◆ **Description of the task**: Nothing in the entries may differ when you return them.

::: Available data

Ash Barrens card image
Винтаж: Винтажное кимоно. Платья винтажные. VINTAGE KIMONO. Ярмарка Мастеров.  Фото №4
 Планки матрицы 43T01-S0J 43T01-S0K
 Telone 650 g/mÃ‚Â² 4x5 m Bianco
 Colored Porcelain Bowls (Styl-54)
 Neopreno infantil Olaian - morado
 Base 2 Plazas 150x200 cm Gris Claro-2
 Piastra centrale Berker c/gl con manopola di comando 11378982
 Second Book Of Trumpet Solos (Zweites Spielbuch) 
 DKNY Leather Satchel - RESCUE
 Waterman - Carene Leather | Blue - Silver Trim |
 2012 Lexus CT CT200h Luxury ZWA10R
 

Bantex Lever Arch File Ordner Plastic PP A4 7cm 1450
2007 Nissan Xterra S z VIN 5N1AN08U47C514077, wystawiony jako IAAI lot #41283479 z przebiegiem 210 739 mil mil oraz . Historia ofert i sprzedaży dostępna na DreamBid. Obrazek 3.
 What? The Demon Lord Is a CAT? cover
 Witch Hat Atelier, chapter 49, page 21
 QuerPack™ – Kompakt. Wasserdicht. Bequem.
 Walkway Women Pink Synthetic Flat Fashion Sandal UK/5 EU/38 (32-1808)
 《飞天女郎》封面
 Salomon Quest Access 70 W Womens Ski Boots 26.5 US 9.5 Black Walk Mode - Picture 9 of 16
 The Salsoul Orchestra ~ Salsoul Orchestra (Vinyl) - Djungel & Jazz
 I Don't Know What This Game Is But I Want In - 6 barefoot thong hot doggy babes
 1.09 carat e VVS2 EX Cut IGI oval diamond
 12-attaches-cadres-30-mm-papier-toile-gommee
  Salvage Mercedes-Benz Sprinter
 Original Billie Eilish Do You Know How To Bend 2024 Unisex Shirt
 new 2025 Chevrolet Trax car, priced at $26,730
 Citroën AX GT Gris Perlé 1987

::::::

◆ **Response area**:
Ash Barrens card image
Винтаж: Винтажное кимоно. Платья винтажные. VINTAGE KIMONO. Ярмарка Мастеров.  Фото №4
 Планки матрицы 43T01-S0J 43T01-S0K
 Telone 650 g/mÃ‚Â² 4x5 m Bianco
 Colored Porcelain Bowls (Styl-54)
 Neopreno infantil Olaian - morado
 Base 2 Plazas 150x200 cm Gris Claro-2
 Piastra centrale Berker c/gl con manopola di comando 11378982
 Second Book Of Trumpet Solos (Zweites Spielbuch) 
 DKNY Leather Satchel - RESCUE
 Waterman - Carene Leather | Blue - Silver Trim |
 2012 Lexus CT CT200h Luxury ZWA10R
 

Bantex Lever Arch File Ordner Plastic PP A4 7cm 1450
2007 Nissan Xterra S z VIN 5N1AN08U47C514077, wystawiony jako IAAI lot #41283479 z przebiegiem 210 739 mil mil oraz . Historia ofert i sprzedaży dostępna na DreamBid. Obrazek 3.
 What? The Demon Lord Is a CAT? cover
 Witch Hat Atelier, chapter 49, page 21
 QuerPack™ – Kompakt. Wasserdicht. Bequem.
 Walkway Women Pink Synthetic Flat Fashion Sandal UK/5 EU/38 (32-1808)
 《飞天女郎》封面
 Salomon Quest Access 70 W Womens Ski Boots 26.5 US 9.5 Black Walk Mode - Picture 9 of 16
 The Salsoul Orchestra ~ Salsoul Orchestra (Vinyl) - Djungel & Jazz
 I Don't Know What This Game Is But I Want In - 6 barefoot thong hot doggy babes
 1.09 carat e VVS2 EX Cut IGI oval diamond
 12-attaches-cadres-30-mm-papier-toile-gommee
  Salvage Mercedes-Benz Sprinter
 Original Billie Eilish Do You Know How To Bend 2024 Unisex Shirt
 new 2025 Chevrolet Trax car, priced at $26,730
 Citroën AX GT Gris Perlé 1987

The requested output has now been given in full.